In handing down the NSW budget for 2020–21, NSW Treasurer Dominic Perrottet said the government was in a strong position to deploy its “fiscal firepower”, which would be coupled with record-low interest rates, to stimulate a strong recovery through responsible borrowing.
“The risk of long-term economic damage is too great if we do not take action, so we are taking advantage of record-low interest rates and a strong balance sheet to turbocharge our recovery,” Mr Perrottet said.

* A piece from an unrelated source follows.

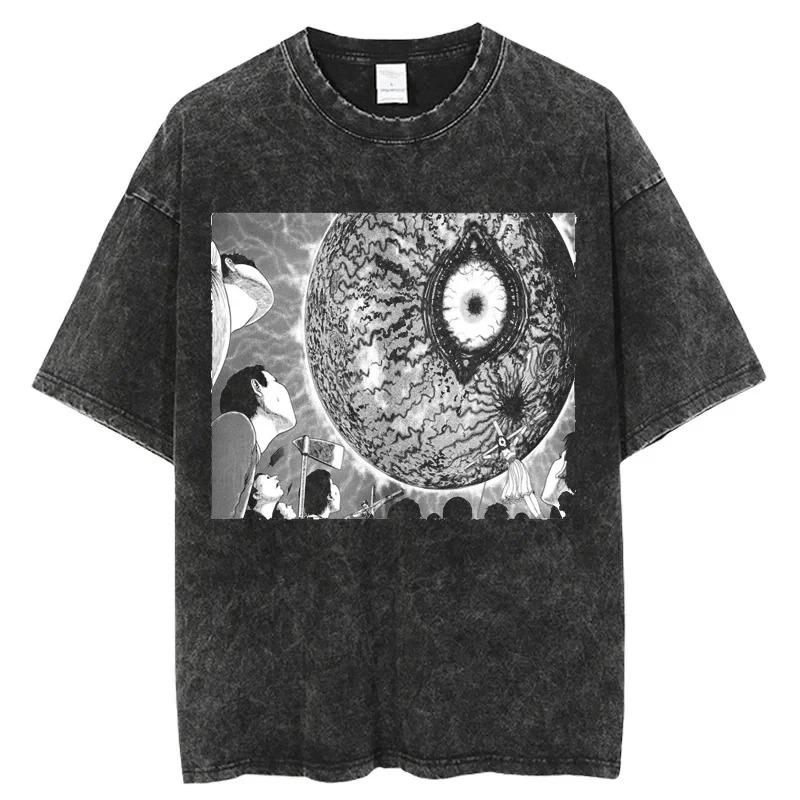 Junji Ito Tomie Manga Cover Vintage Washed Oversized T-Shirt | Unisex Horror Manga Streetwear Tee M синій
Junji Ito Tomie Manga Cover Vintage Washed Oversized T-Shirt | Unisex Horror Manga Streetwear Tee M синій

“That doesn’t mean abandoning our firm commitment to fiscal responsibility. This budget includes measures to chart a course back to surplus by 2024–25, and a strong economic recovery will support that goal.”
The NSW budget announcement comes as Victoria is set to follow suit with its budget announcement on 24 November and Queensland with an as-yet-unspecified date, with Premier Annastacia Palaszczuk promising before her October election win to deliver a budget before the end of this year.
Payroll tax measures a welcome relief for SMEs
The measure receiving the most approval was the one to increase the payroll tax threshold from $1 million to $1.2 million, with ScotPac chief executive Jon Sutton saying other states should follow suit.
Mr Sutton said co-ordinated action by all states to reduce or remove payroll tax would have a big impact in aiding a 2021 recovery for small businesses across Australia.
“Simplifying the complex national tax system, getting rid of state payroll taxes and cutting red tape nationally would have the biggest daily impact for Australia’s small- to medium-business sector,” he said.
Business NSW chief executive Nola Watson agreed, saying payroll tax is a tax on jobs and serves as a disincentive for businesses to take on extra staff.
“At a time when global economies are reeling, any support mechanisms to encourage business owners to invest by taking on additional staff should not be penalised through payroll tax,” Ms Watson said.
Out and About scheme a highlight
Other stakeholders highlighted the Out and About voucher scheme as a welcome measure to stimulate the hard-hit hospitality and entertainment sector.
Chief executive of small business lender Prospa, Greg Moshal, said the scheme will help boost spending and lift confidence for hospitality and entertainment businesses across the state, and that the CBD trial should provide support to some of the hardest hit business owners in these sectors at a key time of year.
“CBD-based cafés and restaurants have experienced a dramatic drop in footfall over the past several months due to the shift to remote work, while many suburban cafés have enjoyed a boost, finding new customers now working from home and staying in their local communities,” Mr Moshal said.
“With December and January a typically quiet period for CBD businesses, this incentive to start venturing back into the city could deliver a much-needed cash injection for those businesses that have had a particularly tough eight months.”
Budget seen as targeting recovery of hard-hit industries
CreditorWatch chief executive Harley Dale pointed to the budget’s targeted assistance for specific industries impacted by COVID shutdowns — such as the art, sport and taxi sectors — will be crucial in rebuilding the economy.
“The government has done what it has needed to do to try and stimulate these struggling industries,” Mr Dale said.
“Now, only time will tell how quickly these businesses can stand on their own two feet and whether these short-term aids announced today will have the desired long-term effects.”